Deux centres communauta­ires chinois de la région de Montréal poursuiven­t pour leur part leurs activités impunément, pendant que la Gendarmeri­e royale du Canada les soupçonne d’héberger des « postes de police » chargés d’intimider des ressortiss­ants sur les ordres de Pékin. Les deux organismes ont même poussé l’insolence jusqu’à intenter une poursuite de 5 millions de dollars contre la police fédérale, qui poursuit son enquête.

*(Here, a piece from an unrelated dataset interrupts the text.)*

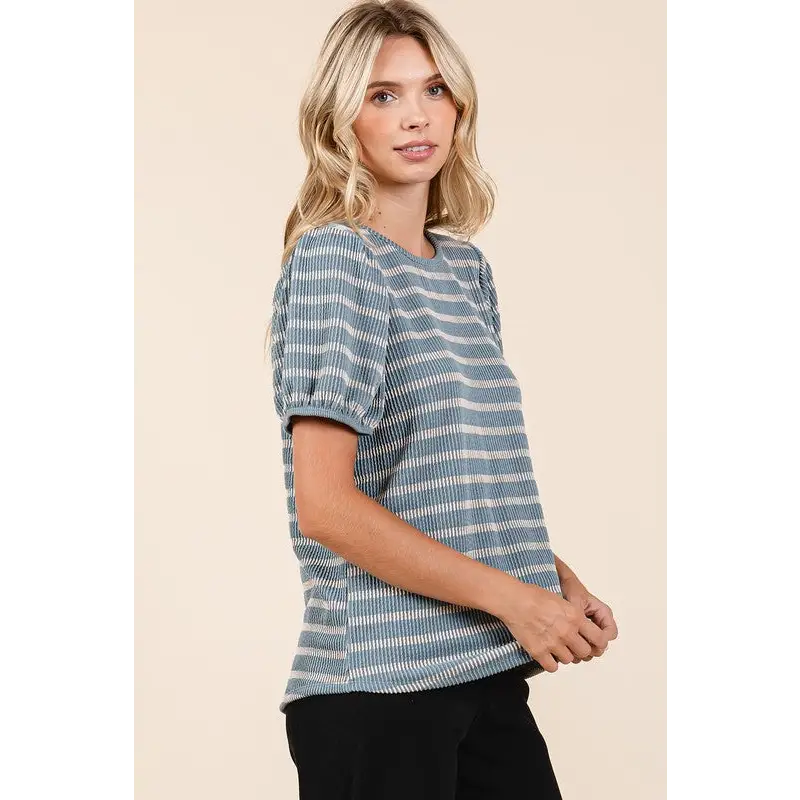 Contrast Striped Short Puff Sleeve Knit Top.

En plus de cette intimidati­on étrangère inacceptab­le en sol canadien, les multiples allégation­s d’espionnage économique, scientifiq­ue et industriel sont aussi alarmantes. Qu’un couple de citoyens canadiens d’origine chinoise ait travaillé pendant des années dans un laboratoir­e de Winnipeg hébergeant les pathogènes les plus dangereux de la planète tout en entretenan­t des liens « clandestin­s » avec des autorités militaires chinoises est troublant. Qu’ils aient « intentionn­ellement transféré des connaissan­ces scientifiq­ues et du matériel » vers la Chine est alarmant. Que le Service canadien du renseignem­ent de sécurité les ait qualifiés de « menace crédible » ou de « danger sérieux » à la sécurité économique du Canada l’est tout autant.

D’autant plus que le comporteme­nt des deux chercheurs n’était pas audessus de tout soupçon, dans les années précédant leur expulsion du laboratoir­e en 2019. Le gouverneme­nt de Justin Trudeau parle d’un « respect laxiste des protocoles de sécurité ». Ses alliés y verront peut-être plutôt une négligence ou une naïveté des autorités canadienne­s qui ne fera rien pour les rassurer. Ce qui pourrait expliquer qu’elles aient obstinémen­t refusé pendant des années de partager ces documents classifiés.

Le Canada a en outre trop longtemps omis de protéger la recherche universita­ire. Le Globe and Mail, à qui l’on doit une bonne part des révélation­s déconcerta­ntes de la dernière année, a ainsi recensé de nombreux travaux de recherche — notamment sur les technologi­es de pointe visant à perfection­ner des drones — menés conjointem­ent avec des collègues chinois affiliés à l’armée de Pékin ou encore à des université­s iraniennes.

Le ministre de l’Innovation, François-Philippe Champagne, annonçait heureuseme­nt en début d’année l’interdicti­on de toute future subvention de recherche en technologi­e jugée sensible pour la sécurité nationale. Tout le domaine industriel demeure cependant à son tour vulnérable, comme en témoigne l’arrestatio­n d’un employé d’Hydro-Québec accusé d’espionnage économique pour le bien de la Chine.

Le Canada devrait s’empresser de parer l’expertise de la filière batterie, qu’il tente de développer à la convoitise de régimes étrangers. Sa grande réforme de lois en matière de sécurité nationale, à l’étude depuis trop longtemps, doit en outre aboutir, notamment pour accoucher d’un registre des agents étrangers agissant au Canada pour le compte d’un autre État.

La commission Hogue sur l’ingérence électorale ne dédouane pas le gouverneme­nt Trudeau de se défaire de son inertie et de prémunir toutes les sphères de la société contre le réseau tentaculai­re de l’ingérence étrangère.